Sergei Stadler, a world famous violinist from St. Petersburg, said that the departure of such great people always symbolized the end of an era. “Galina Vishnevskaya and her husband, the world famous musician Mstislav Rostropovich, was a star couple, the symbol of an era, of a system and struggle against it,” Stadler said.
Stage Director Ivan Popovski described Vishnevskaya’s death as an irretrievable loss. “Galina Vishnevskaya was the guardian of lofty traditions of theatre who defended great music and the synthesis of harmony,” Popovski stressed.
Natalya Solzhenitsyna said that Vishnevskaya, the People’s Artist of the USSR, was a unique personality and a great person.
“We should pray that Russia doesn’t get impoverished and that the Lord sends us such great people without whom we are going to grow small from time to time,” Solzhenitsyna went on to say. She added that Galina Vishnevskaya was passionate and over talented. “She was a strong and honest person who thought about lofty things rather than herself,” Solzhenitsyna emphasized.
Natalya Solzhenitsyna said that Vishnevskaya’s departure was a great “personal loss” for her.
“Our friendship started 43 years ago. These people are like our relatives. This family is dear to us not abstractly but in real terms. Our sons were born under Slava’s and Galya’s roof. It was very hard for us to part with Slava. It’s no less hard to be saying good-bye to Galya. She was part of our life. So we are crying about ourselves rather than her. Her life has reached the ocean of eternity while we remain,” Solzhenitsyna said.
The Soviet authorities started persecuting Galina Vishnevskaya and her husband, conductor Mstislav Rostropovich, since the late 1960s. However, the family didn’t hesitate to give shelter to writer Alexander Solzhenitsyn in their country-house. In retaliation, the authorities cancelled a number of their guest concerts and recordings at the radio. Vishnevskaya and Rostropovich were banned from travelling abroad on guest tours. Finally, the family left for the United States in 1974. Vishnevskaya and Rostropovich were stripped of Soviet citizenship four years later for their human rights activities.
Galina Vishnevskaya died in Moscow on December 11 at the age of 86.
“She was ill. She didn’t’ feel well. At one moment she understood that death was near and it was time for her to start getting ready for her departure, and so she did,” Vishnevskaya’s daughter Olga Rostropovich said. She and her sister Elena Rostropovich said that their mother had died in her country-house. “She died on our hands in her favorite room. We held her hand until her last breath. She was listening to Orthodox music. She was praying and took communion. She was full of love and she left this world surrounded by love. She was happy.
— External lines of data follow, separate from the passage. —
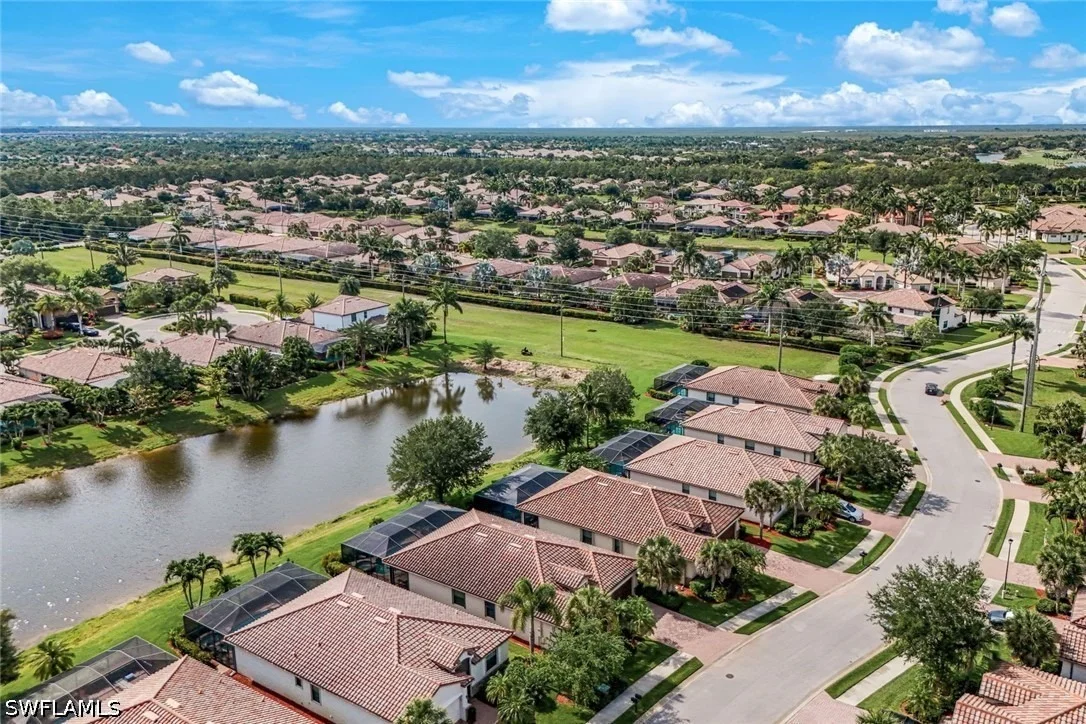 Photo of 3742 Treasure Cove Circle
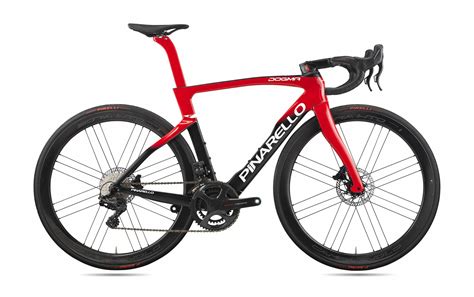 pinayrell|Pinarello.
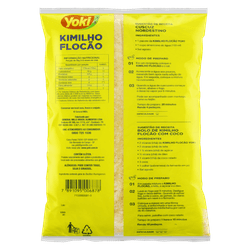 FARINHA-DE-MILHO-YOKI-KIMILHO-500G-FLOCAO-posterior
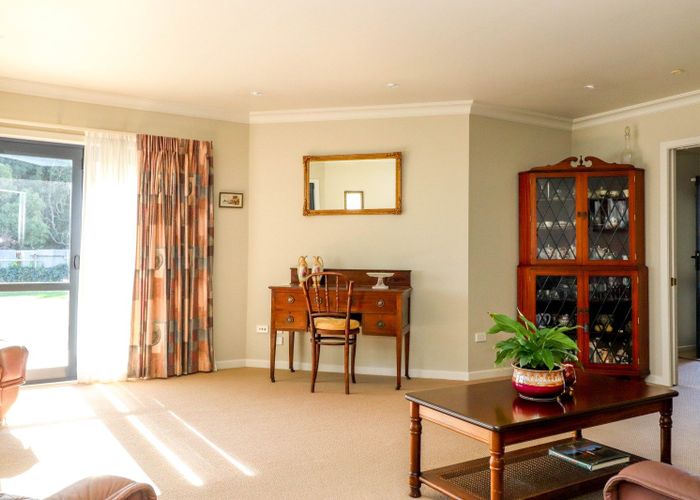  at 212 Rolleston Street, Thames, Thames-Coromandel, Waikato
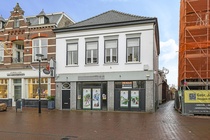 Bekijk foto 2 van eenheid 1 aan de Steenstraat 78 in Boxmeer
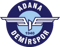 Adana Demirspor (EA SPORTS FC) Adana Demirspor (EA SPORTS FC)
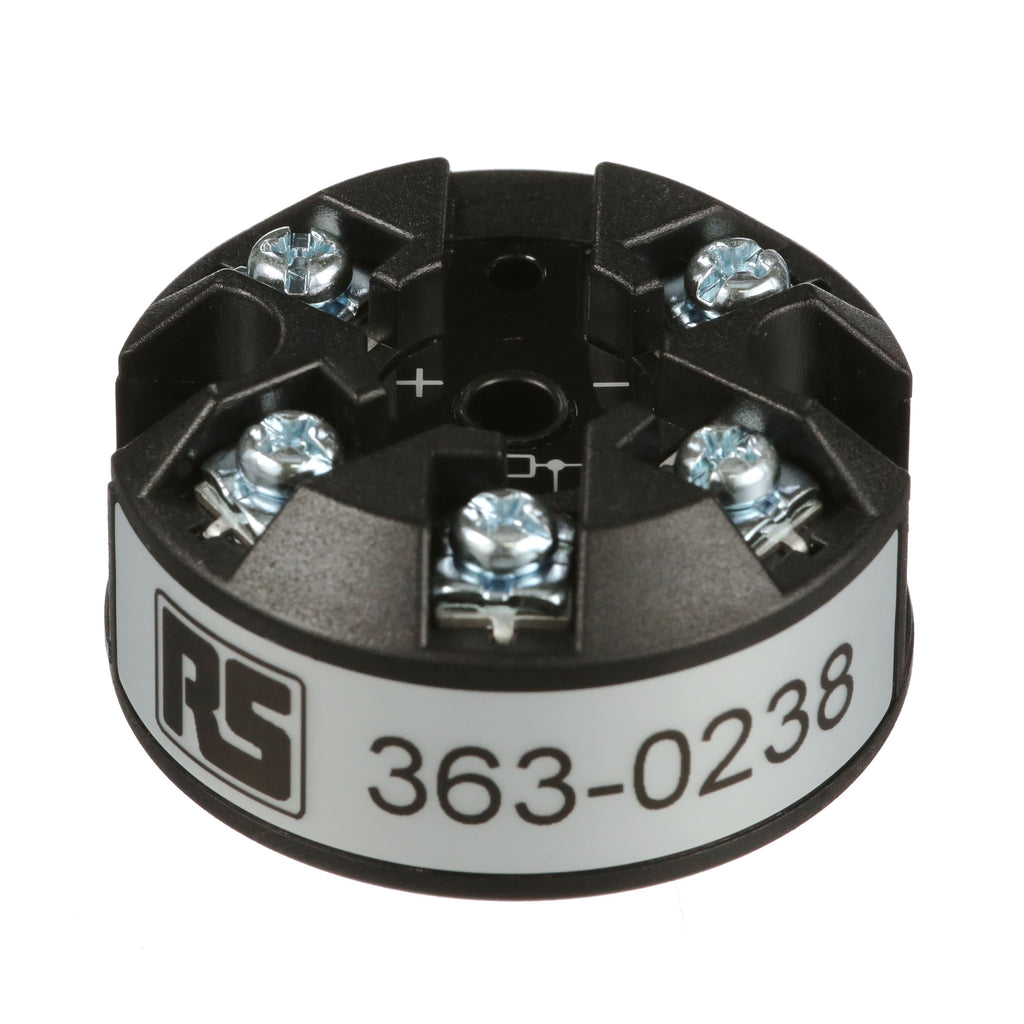 RS Pro 3630238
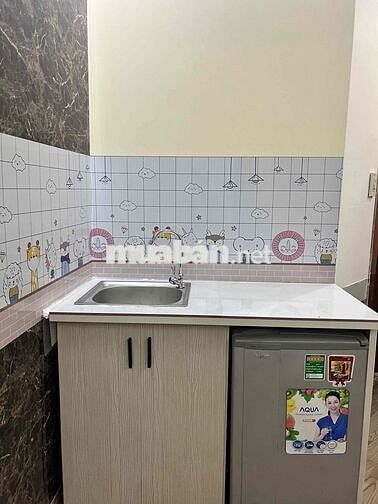 Sang nhà CHDV lợi nhuận 15tr~18tr HD 7 năm sang 295tr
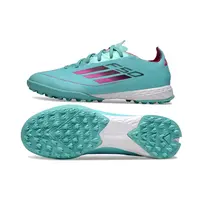 Chuteira Society Adidas F50 TF | Velocidade, Leveza e Controle - imagem 6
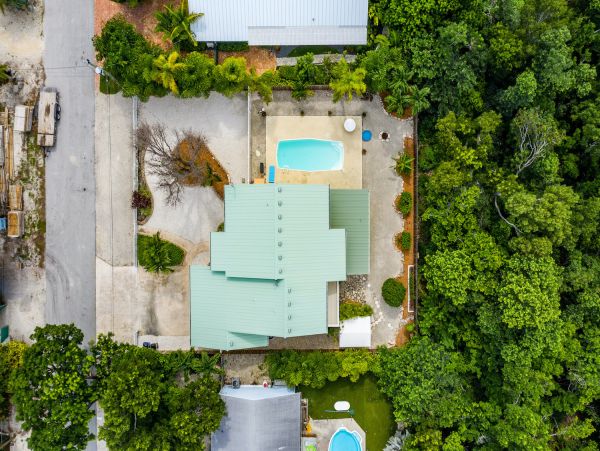 The Florida Keys Home 986479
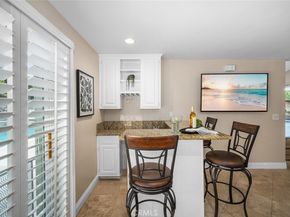 3260 Lilly Avenue, Long Beach CA 90808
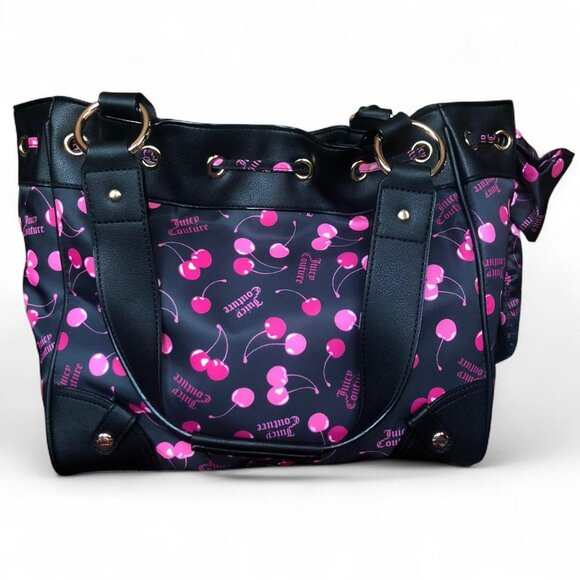 Juicy Cherry Daydreamer - Picture 4 of 6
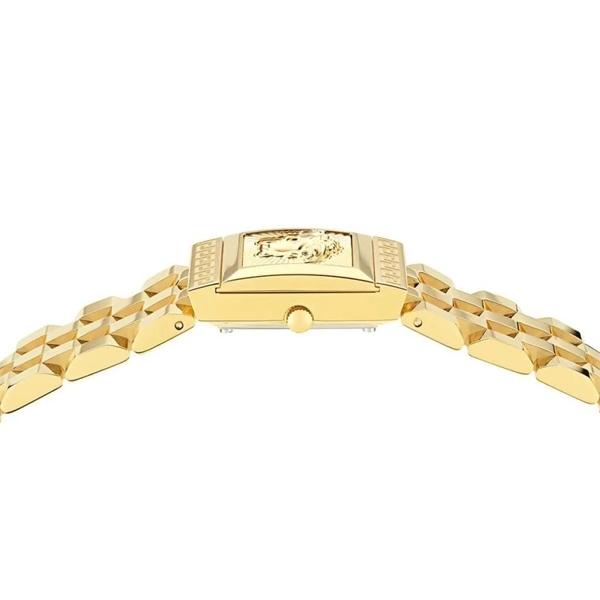 versace-vrscve0c00325-kadin-kol-saati-a390c3.jpg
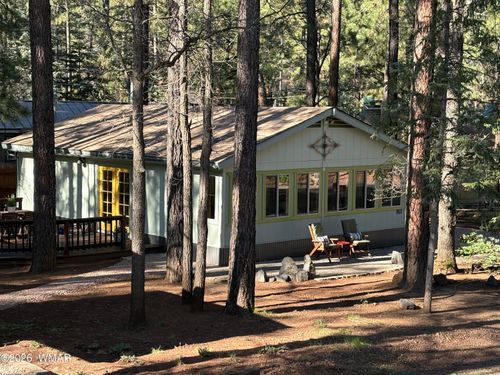 1785 E Sierra Pine Loop, Pinetop, AZ, 85935-7234 | Card Image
She left to join our father,” Vishnevskaya’s daughters said.
On December 1, Russian President Vladimir Putin signed a decree on decoration of Galina Vishnevskaya with the “For Merits to the Fatherland” Order which, regrettably, she didn’t live to see. Olga and Elena Rostropovich received their mother’s award on December 12.
Galina Vishnevskaya will be buried at the Novodevichye cemetery next to her husband Mstislav Rostropovich on December 14.